Olup bitenleri anlamak için varsayımlara dayanarak yapılan akıl yürütmelere, ihtimal hesaplarını gözeterek “nerede yanlış yapıldı” sorusuna cevap arıyor Türkiye. Cevabı aranan sorulara temel kabul edilen varsayımlara göre elde edilen sonuç değişiyor elbette. Bunca ihtimal hesapları arasında sorulmayan en önemli sorudan birinin şu olduğunu düşünüyorum: e-muhtıra yayınlanmamış, 367 şartı aranmamış ve de sonuç olarak AK Parti adayı cumhurbaşkanı seçilmiş olsaydı bunun muhtemel sonuçları ne olurdu? 'Muhtemel sonuçtan' anlaşılması gereken husus, laikçi kesimin öfkeleri, askeri müdahale ihtimali değil elbette. Burada göz ardı edilen ihtimal, AKP'li bir cumhurbaşkanına 'evet' diyecek kitlelerin, daha doğrusu yaşam alanlarını tehdit altında olduğu iddiasıyla meydanlara dökülenlerin itham ettiği değil hayat alanları düşünme özgürlükleri bile kısıtlanmış kitlelerin siyasal talepleri açısından durumları ne olacaktı? Hangi talepleri dillendirmekte ısrarcı olmayı sürdüreceklerdi?

Türkiye'de yaşayan her kesimden insanın üzerinde düşünmek zorunda olduğu bu sorunun cevabını arayanlar bu ülkede yaşayanlar değil. Yabancı diplomatların, basın organlarının başyazarlarının cevabını aramakta olduğu, daha doğrusu kendilerince bulmuş oldukları cevap, her fırsatta sordukları soru budur. Baş örtüsü ile temsil edilen kitlelerin kendilerine yakın hissettikleri birini cumhurbaşkanı seçmeleri durumunda siyasetle ilişkileri ne olacaktı? Soruyu daha da açarak devam edecek olursak: başörtüsü sorunu diye bilinen sistemin “baş ağrısı”nın giderilmesi durumunda bu kitlelerin siyasal sistemden başkaca ne gibi talepleri olacaktı?

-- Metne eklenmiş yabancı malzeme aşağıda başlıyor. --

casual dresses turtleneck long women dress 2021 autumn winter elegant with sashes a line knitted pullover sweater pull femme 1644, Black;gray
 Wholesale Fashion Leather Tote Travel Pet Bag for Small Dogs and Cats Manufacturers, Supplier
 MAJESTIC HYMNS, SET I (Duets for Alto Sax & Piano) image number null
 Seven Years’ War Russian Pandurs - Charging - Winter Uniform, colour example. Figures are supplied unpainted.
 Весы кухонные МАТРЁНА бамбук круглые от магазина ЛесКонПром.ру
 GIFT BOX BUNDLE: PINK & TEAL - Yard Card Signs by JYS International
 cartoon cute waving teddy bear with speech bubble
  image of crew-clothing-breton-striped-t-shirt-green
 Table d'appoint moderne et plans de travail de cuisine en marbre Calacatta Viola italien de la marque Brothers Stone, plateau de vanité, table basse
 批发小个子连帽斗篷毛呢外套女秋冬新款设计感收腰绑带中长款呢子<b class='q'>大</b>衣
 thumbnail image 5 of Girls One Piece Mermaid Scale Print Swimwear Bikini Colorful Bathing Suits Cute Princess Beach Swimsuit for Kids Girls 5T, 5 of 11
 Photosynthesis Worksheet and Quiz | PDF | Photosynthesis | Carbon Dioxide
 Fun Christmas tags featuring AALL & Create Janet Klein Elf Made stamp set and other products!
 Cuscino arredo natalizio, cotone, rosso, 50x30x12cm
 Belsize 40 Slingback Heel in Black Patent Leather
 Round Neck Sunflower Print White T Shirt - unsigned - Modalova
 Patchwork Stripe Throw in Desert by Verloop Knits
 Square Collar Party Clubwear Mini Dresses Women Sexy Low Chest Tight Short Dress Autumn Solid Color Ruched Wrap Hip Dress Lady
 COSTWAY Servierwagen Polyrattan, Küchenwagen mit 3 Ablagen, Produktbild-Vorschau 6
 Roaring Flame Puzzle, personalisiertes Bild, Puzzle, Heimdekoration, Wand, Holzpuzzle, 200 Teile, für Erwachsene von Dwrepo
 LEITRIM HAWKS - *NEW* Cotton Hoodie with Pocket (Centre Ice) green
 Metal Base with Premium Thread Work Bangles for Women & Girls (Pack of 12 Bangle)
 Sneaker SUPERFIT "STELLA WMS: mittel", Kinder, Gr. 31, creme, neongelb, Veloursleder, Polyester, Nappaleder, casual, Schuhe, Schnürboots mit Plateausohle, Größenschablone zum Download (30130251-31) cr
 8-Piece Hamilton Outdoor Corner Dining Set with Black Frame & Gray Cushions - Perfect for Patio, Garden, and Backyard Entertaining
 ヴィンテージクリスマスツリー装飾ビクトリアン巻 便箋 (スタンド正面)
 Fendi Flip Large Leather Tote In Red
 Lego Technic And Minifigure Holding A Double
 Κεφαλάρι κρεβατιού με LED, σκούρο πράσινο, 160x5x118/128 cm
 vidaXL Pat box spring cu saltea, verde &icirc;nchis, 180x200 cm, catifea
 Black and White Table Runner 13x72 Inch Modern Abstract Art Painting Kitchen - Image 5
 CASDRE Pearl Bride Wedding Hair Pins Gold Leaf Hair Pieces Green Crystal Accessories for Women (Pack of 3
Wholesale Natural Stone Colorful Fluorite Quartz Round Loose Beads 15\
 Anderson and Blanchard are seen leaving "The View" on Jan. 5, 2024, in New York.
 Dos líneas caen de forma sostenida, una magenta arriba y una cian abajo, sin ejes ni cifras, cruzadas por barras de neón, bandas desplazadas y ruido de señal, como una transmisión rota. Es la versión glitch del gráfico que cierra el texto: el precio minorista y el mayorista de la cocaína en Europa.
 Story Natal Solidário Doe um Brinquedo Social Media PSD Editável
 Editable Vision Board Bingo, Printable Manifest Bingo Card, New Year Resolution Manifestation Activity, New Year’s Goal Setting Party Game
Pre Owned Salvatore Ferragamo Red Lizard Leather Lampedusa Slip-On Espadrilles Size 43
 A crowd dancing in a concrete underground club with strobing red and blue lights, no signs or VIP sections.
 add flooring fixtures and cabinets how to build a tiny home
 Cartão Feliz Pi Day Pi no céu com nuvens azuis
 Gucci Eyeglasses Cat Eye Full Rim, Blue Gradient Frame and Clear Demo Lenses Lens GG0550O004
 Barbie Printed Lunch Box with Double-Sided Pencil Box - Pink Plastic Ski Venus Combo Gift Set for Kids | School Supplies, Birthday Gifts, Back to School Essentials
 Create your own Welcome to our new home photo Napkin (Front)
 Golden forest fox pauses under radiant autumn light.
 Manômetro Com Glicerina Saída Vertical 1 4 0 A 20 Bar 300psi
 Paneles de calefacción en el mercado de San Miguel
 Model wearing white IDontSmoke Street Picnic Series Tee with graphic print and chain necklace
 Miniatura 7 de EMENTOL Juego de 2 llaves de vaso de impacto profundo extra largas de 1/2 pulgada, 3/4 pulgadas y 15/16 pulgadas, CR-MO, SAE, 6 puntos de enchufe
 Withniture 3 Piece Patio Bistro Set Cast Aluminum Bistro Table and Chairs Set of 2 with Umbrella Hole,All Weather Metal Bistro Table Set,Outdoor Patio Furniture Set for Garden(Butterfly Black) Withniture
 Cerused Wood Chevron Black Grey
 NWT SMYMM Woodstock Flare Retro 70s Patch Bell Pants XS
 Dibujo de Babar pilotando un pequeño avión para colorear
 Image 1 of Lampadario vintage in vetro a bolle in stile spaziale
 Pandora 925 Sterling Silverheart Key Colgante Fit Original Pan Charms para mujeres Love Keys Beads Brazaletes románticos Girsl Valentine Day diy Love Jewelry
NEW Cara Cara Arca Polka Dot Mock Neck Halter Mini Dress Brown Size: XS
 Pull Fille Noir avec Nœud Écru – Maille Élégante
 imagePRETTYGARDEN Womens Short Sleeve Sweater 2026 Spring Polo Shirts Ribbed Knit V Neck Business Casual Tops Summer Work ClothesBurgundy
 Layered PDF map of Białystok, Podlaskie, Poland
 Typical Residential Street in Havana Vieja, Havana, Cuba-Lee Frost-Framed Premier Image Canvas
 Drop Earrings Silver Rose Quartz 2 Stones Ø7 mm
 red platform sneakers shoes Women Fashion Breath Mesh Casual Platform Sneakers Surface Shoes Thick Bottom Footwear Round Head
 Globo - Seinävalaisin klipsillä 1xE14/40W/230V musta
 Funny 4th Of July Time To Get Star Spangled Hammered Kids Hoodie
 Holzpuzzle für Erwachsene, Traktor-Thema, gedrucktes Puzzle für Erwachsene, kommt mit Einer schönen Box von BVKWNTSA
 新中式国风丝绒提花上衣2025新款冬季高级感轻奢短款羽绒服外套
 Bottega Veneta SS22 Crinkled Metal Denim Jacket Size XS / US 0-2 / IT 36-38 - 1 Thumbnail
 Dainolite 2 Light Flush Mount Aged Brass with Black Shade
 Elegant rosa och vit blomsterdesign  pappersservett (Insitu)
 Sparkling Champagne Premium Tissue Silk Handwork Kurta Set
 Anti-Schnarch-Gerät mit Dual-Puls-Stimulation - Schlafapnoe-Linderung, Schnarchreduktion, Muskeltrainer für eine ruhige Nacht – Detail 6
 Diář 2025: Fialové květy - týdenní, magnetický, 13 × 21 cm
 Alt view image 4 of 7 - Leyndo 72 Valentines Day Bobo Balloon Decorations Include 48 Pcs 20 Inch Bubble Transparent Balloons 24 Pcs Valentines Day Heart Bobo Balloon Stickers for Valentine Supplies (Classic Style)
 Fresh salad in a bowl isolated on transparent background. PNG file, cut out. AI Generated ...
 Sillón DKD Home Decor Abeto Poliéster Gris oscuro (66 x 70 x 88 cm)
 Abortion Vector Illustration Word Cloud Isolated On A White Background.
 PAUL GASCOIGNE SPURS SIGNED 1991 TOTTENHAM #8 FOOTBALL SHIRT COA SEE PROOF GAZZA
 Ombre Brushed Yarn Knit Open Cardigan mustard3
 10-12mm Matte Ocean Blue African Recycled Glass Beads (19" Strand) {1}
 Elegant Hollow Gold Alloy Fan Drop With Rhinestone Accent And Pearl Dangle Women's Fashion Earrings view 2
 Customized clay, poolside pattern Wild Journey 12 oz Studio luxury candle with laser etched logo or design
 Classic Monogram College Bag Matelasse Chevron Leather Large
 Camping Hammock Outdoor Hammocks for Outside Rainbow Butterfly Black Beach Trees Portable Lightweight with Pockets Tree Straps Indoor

Meydan gösterilerindeki tüm kışkırtıcı slogan ve söylemlere rağmen ele geçirilen gerçekten Çankaya mı olacaktı yoksa Çankaya bu kitleleri mi ele geçirecekti? Batılı basın bunun cevabını bulmuş görünüyor. Sorulan sorular ve bunlara verilen cevaplar bu kadar açık değil kuşkusuz. Ancak Türkiye'nin önemi ve tarihsel rolü ve özellikle batı ile ilişkileri göz önüne alındığında hangi soruya cevap olmak üzere bu türden cümlelerin kurulduğu daha iyi anlaşılmaktadır.

Eğer Türkler bir seçim yapmak durumunda kalırlarsa, “demokrasi laiklikten daha önemli” diyen Economist bu soruya cevap niteliğinde şu cümle ile devam ediyor: Eğer Türkiye, İslam ile demokrasiyi uzlaştıramazsa, bunu kim başarabilir? Hele News Week'te: 'Türkiye, Müslüman bir ülke. Ancak bu, İslam ve siyaseti birbiriyle karıştırmamız anlamına gelmiyor.' 'Biz İslami bir parti değiliz. Din, bireylerin meselesi, siyasetin değil” ifadeleri yayınlanan Gül'ün siyasal retoriğe duygusal boyut katması bile bir şey ifade etmiyor kimileri için: Ben İslamcı siyasi partilerden hoşlanmıyorum.”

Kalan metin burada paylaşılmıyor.